Dalam hal ini, saya tidak terganggu dengan apa pun yang ada dalam pemikiran Ayu Utami. Bukankah orang bebas untuk memilih? Saya bukan orang yang anti dengan pernikahan, meski saya belum menikah. Saya sama sekali tidak punya alasan untuk punya pandangan ekstrem negatif terhadap pernikahan yang jelas-jelas bukan bentukan kultur tertentu. Pernikahan dalam pandangan agama Ayu Utami yang Katolik dan saya yang masih berislam adalah kurang lebih sama. Mengikat dua manusia ke dalam satu pertalian suci. Dengan menikah maka seseorang akan setia pada satu pasangan (jika dia tidak tergoda untuk poligami maupun poliandri). Teman-teman saya yang menikah tidak pernah mengeluhkan dirinya diperlakukan seperti golongan kelas dua oleh suaminya.
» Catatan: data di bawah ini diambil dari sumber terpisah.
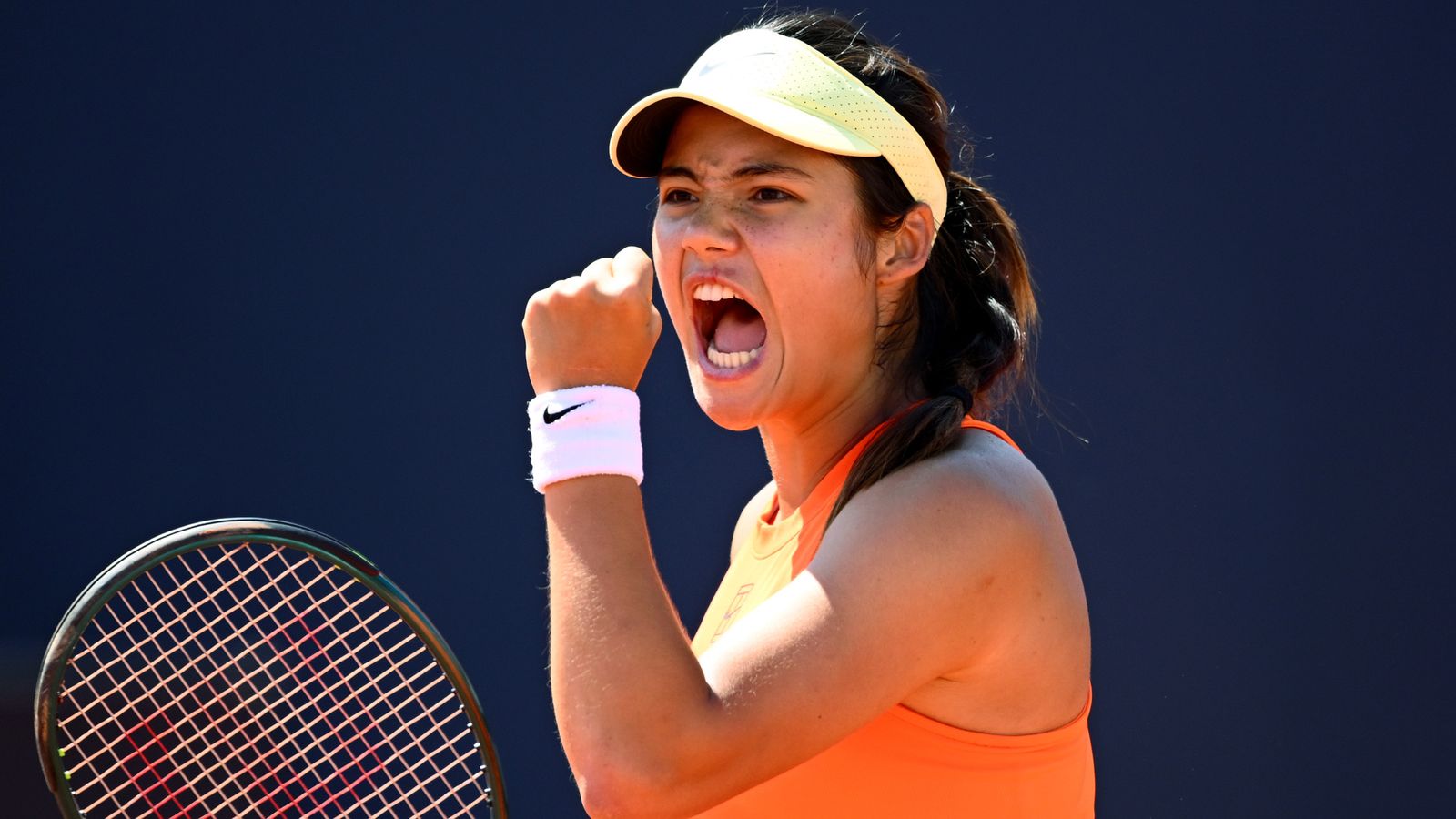 Emma Raducanu supera a la ex nº 8 mundial Daria Kasatkina en Strasbourg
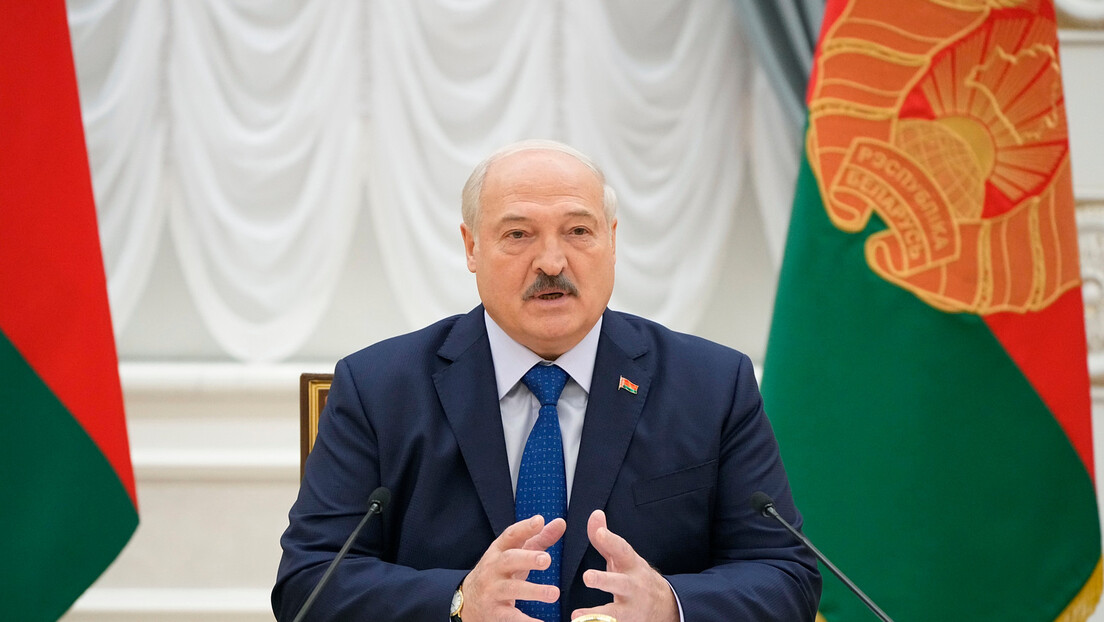 Лукашенко позвао Србију: Одлучите се шта желите (ВИДЕО)
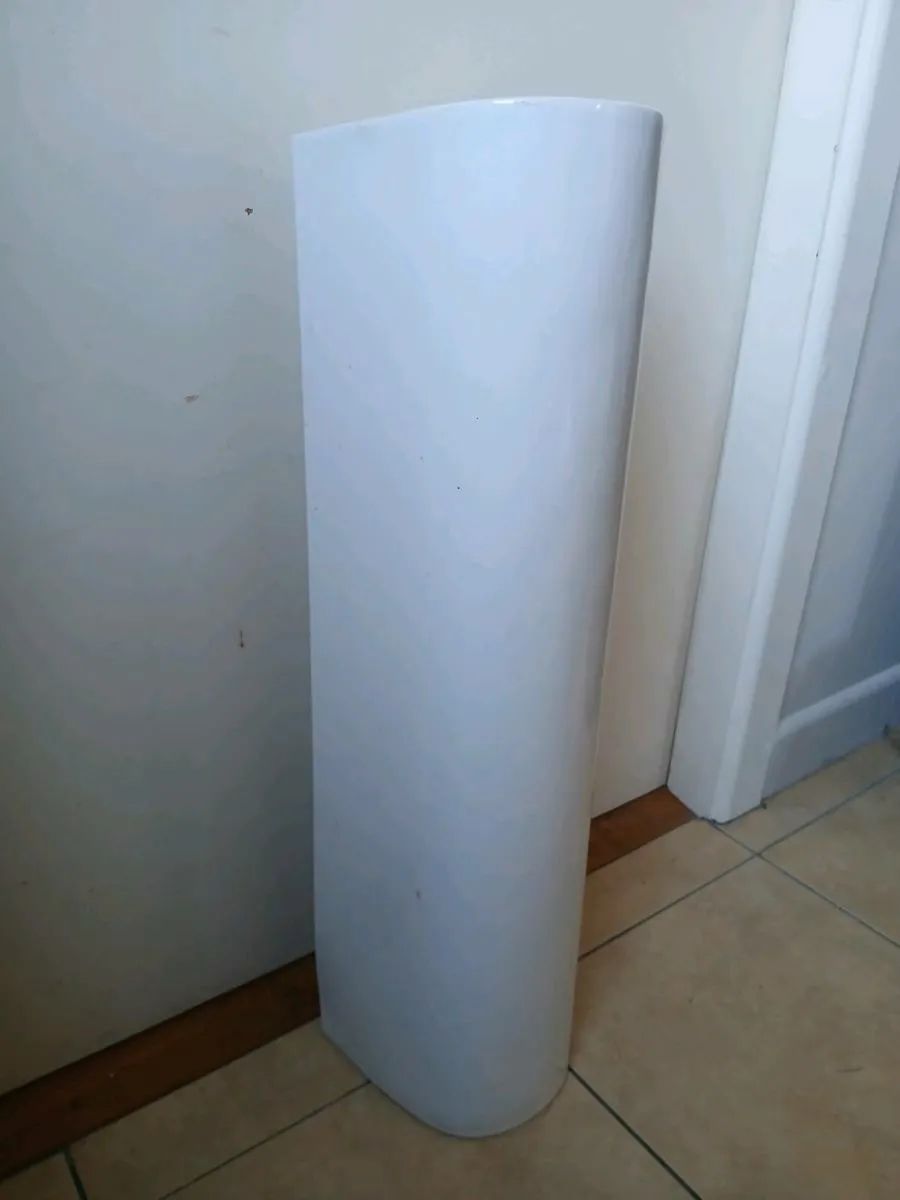 Sink Pedestal - Image 1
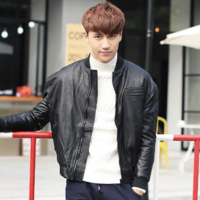 冬季街头取经 看各路潮男施展吸睛大法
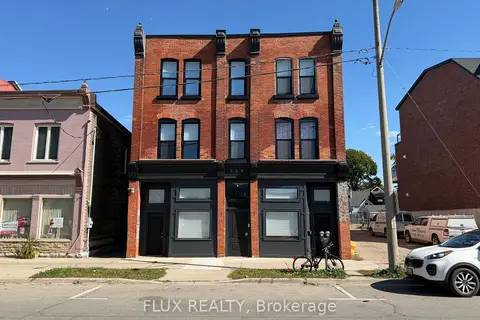 195 Waterloo Street S 14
Bahkan tidak jarang saya mendengar suami mereka tidak malu untuk mencuci baju, menyetrika, mengasuh anak, dan sebagainya di saat sang istri bekerja.
Mungkin perkara keperawanan itulah yang saya sepakat dengan dia. Keperawanan yang ditandai dengan utuhnya selaput dara, bagi sebagian masyarakat kita merupakan jaminan bahwa perempuan itu masih suci. Jika segel bawaan lahir itu robek, maka Anda otomatis dianggap pezina. Itu bagi masyarakat yang kurang banyak membaca referensi bahwa robeknya selaput dara tidak selalu ditandai dengan darah. Dan juga, selaput dara benar-benar benda tipis yang bisa robek dengan banyak cara, bahkan olahraga sekalipun. Atau mungkin naik motor juga seperti saya. Ada pula selaput dara yang baru robek ketika si perempuan akan melahirkan. Ya, saya tidak begitu ambil pusing dengan keperawanan seperti saya tidak pedulinya seorang lelaki masih perjaka atau tidak. Apa gunanya perjaka jika suka memukuli perempuan?
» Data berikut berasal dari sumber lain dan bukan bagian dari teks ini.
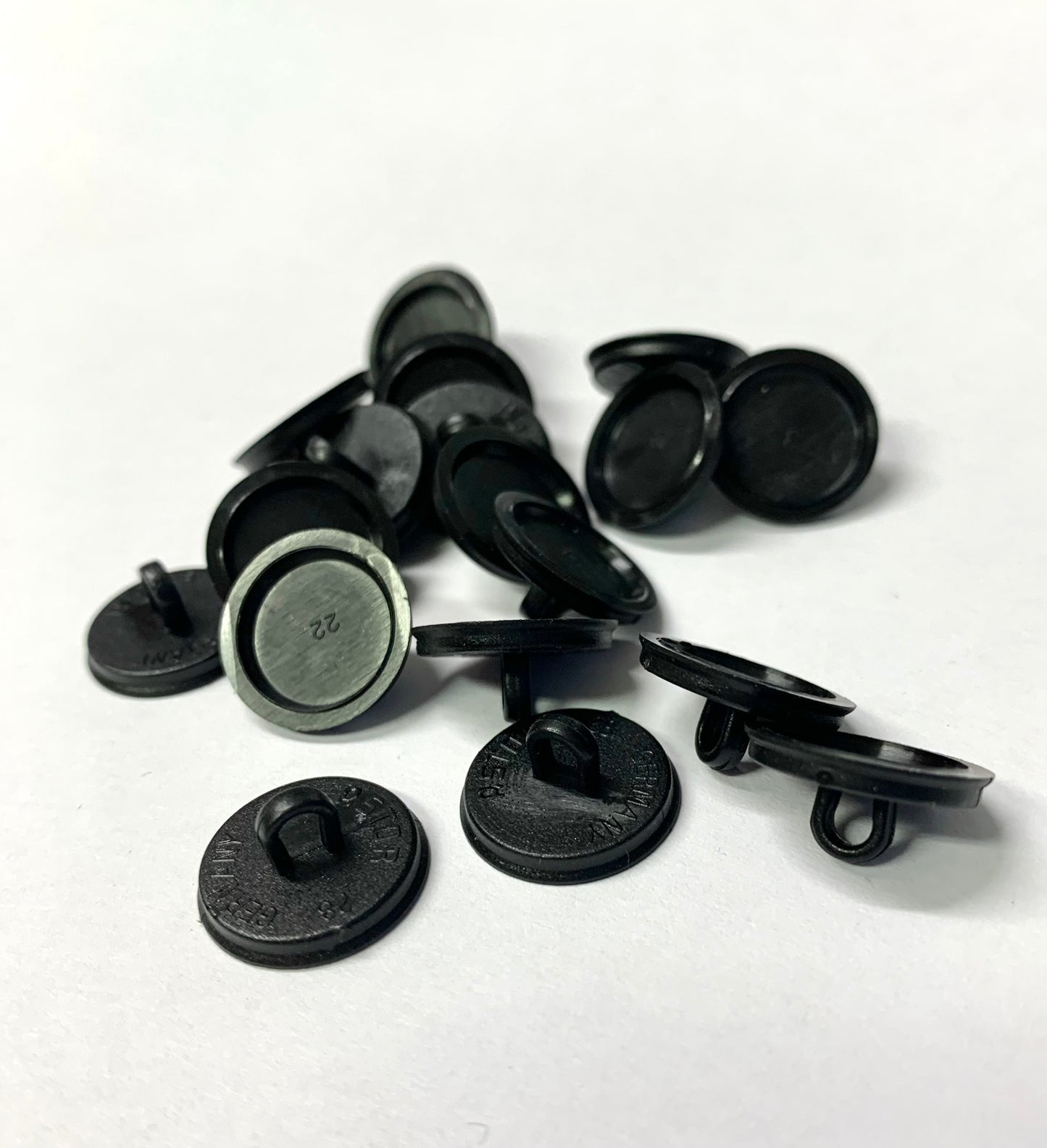 Musta muovikanta snap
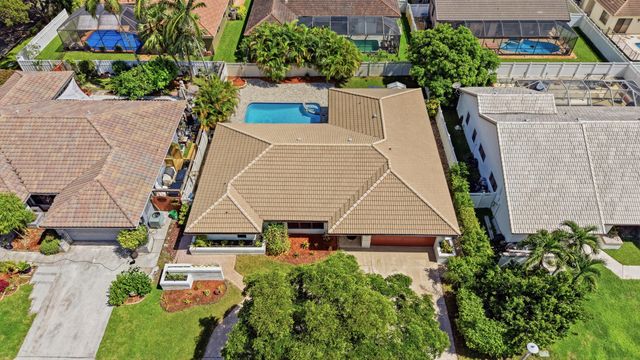 6013 NW 47th Place, Coral Springs, FL 33067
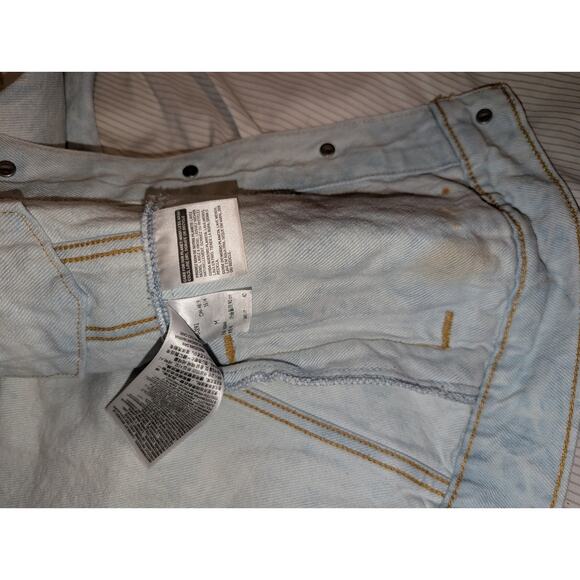 Levi's Denim Jean Jacket Size Medium Women's Trucker - Picture 4 of 6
Toh pada akhirnya Ayu memilih menikah secara agama, masuk ke dalam sebuah konstruksi yang selama berpuluh-puluh tahun dia tentang dengan alasan menuntut kesetaraan gender, sebuah level yang mungkin sebelum menikah jarang ia lihat. Atau sebenarnya mau setara seperti apa sih sebenarnya perempuan dan lelaki itu? Apakah masing-masing feminis punya pencapaian yang sama mengenai kesetaraan gender? Ah sudahlah, tidak penting dibahas.
Bagi saya, pernikahan itu bukan sebuah kekalahan di pihak Ayu karena dia hanya punya pandangan berbeda dari masyarakat kebanyakan. Pada dasarnya Tuhan tidak pernah membedakan umatnya dari jenis kelamin, melainkan ibadahnya selama hidup kan? Buat saya, cukup itu dan mari menjalankan tugas di muka bumi ini seperti seharusnya dan sesuai porsinya masing-masing.
Buat Mbak Meike, semoga tesisnya selesai sesuai target dan semoga sukses!